YOUR OBJECTIVE >> Please make an exact transcription of all the data that follows.

SUPPLIED MATERIAL >>
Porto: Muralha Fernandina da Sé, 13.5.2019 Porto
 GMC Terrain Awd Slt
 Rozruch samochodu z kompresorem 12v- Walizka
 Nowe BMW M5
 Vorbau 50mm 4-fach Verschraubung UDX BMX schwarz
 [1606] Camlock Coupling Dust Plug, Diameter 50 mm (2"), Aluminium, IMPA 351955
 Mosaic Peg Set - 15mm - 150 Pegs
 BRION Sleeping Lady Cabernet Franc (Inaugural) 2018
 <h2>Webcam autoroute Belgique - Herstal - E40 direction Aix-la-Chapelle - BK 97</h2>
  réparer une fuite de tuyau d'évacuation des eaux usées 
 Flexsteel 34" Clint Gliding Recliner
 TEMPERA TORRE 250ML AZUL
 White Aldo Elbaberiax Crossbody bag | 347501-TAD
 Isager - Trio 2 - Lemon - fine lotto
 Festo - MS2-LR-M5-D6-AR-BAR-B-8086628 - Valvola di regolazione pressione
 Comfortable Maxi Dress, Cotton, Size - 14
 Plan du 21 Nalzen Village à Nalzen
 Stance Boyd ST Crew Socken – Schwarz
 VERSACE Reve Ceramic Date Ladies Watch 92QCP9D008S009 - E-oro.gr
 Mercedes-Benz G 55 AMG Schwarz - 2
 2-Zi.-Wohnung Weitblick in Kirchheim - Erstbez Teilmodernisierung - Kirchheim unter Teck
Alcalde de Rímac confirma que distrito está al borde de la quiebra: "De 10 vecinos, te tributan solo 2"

TASK RESPONSE >>
Porto: Muralha Fernandina da Sé, 13.5.2019 Porto
 GMC Terrain Awd Slt
 Rozruch samochodu z kompresorem 12v- Walizka
 Nowe BMW M5
 Vorbau 50mm 4-fach Verschraubung UDX BMX schwarz
 [1606] Camlock Coupling Dust Plug, Diameter 50 mm (2"), Aluminium, IMPA 351955
 Mosaic Peg Set - 15mm - 150 Pegs
 BRION Sleeping Lady Cabernet Franc (Inaugural) 2018
 <h2>Webcam autoroute Belgique - Herstal - E40 direction Aix-la-Chapelle - BK 97</h2>
  réparer une fuite de tuyau d'évacuation des eaux usées 
 Flexsteel 34" Clint Gliding Recliner
 TEMPERA TORRE 250ML AZUL
 White Aldo Elbaberiax Crossbody bag | 347501-TAD
 Isager - Trio 2 - Lemon - fine lotto
 Festo - MS2-LR-M5-D6-AR-BAR-B-8086628 - Valvola di regolazione pressione
 Comfortable Maxi Dress, Cotton, Size - 14
 Plan du 21 Nalzen Village à Nalzen
 Stance Boyd ST Crew Socken – Schwarz
 VERSACE Reve Ceramic Date Ladies Watch 92QCP9D008S009 - E-oro.gr
 Mercedes-Benz G 55 AMG Schwarz - 2
 2-Zi.-Wohnung Weitblick in Kirchheim - Erstbez Teilmodernisierung - Kirchheim unter Teck
Alcalde de Rímac confirma que distrito está al borde de la quiebra: "De 10 vecinos, te tributan solo 2"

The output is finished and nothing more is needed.